Due date: Nov 27, 2018.

Objectives: Mini-hw-3 on Apache Beam.

Assignment tools: Google cloud account or local machine.

What to turn in: Submission instructions provided with the questions below. Submit everything as a single file.

How to submit the assignment: In your gitlab repository, you should see a directory called mini-hw3. Put your report in that directory. Remember to git add, git commit, and git push. You can add your report early and keep updating it and pushing it as you do more work. We will collect the final version after the deadline passes. If you need extra time on an assignment, let us know.
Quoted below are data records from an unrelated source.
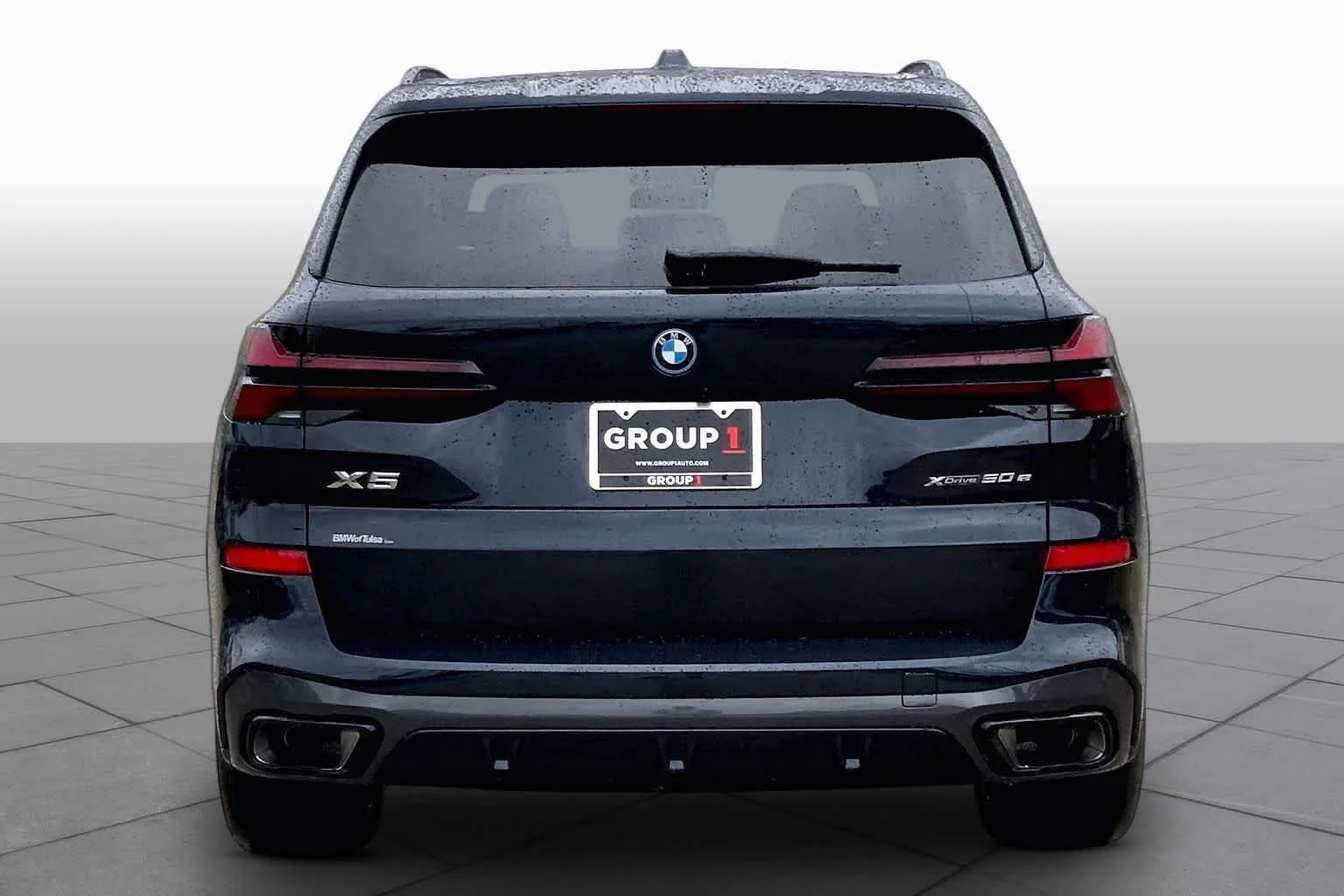 New 2026 Carbon Black Metallic BMW xDrive50e image 4
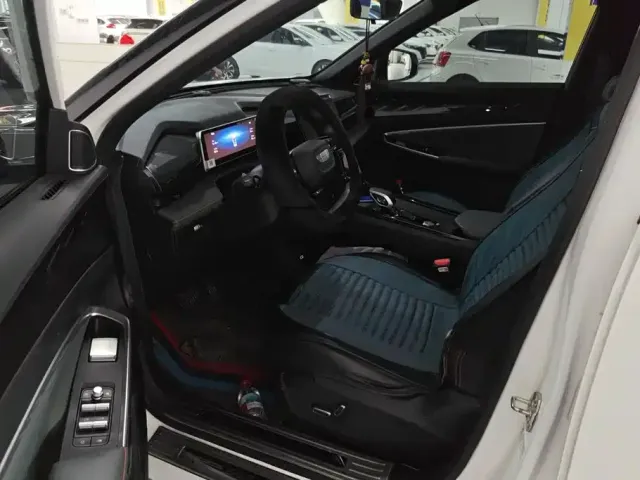 Geely Boyue — Фото автомобиля 9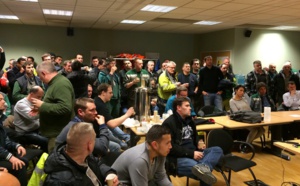 Un informaticien, "séquestré" sur le site UPM-Kymmene, blessé en escaladant un portillon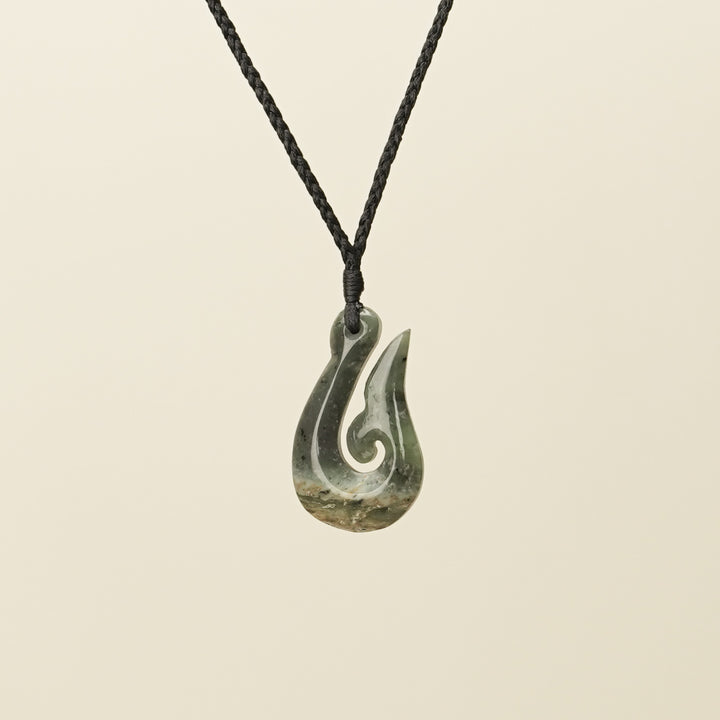 Hei Matau Whale's Tail Pounamu – Medium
This is a graduate course, so we are reasonably flexible with deadlines but please do not overuse this flexibility. Use extra time only when you truly need it.

Assignment Details

In this Assignment you will need access to a local machine running Apache Beam or a Google Cloud project with Dataflow API access. You will also need to download following text files:

  1. hamlet.txt
  2. muchado.txt

Question: Get the total number of words and average number of letters per word in both hamlet and muchado. You may use Google cloud or your local machine to run Apache beam to compute this.

Submit: time to generate wordcount for each of the files, and two metrics total number of words as well as average letters per word for both files. Also indicate is you used local machine or Google cloud for the assignment.

Use the code from section 8 to complete the assignment.(20 points).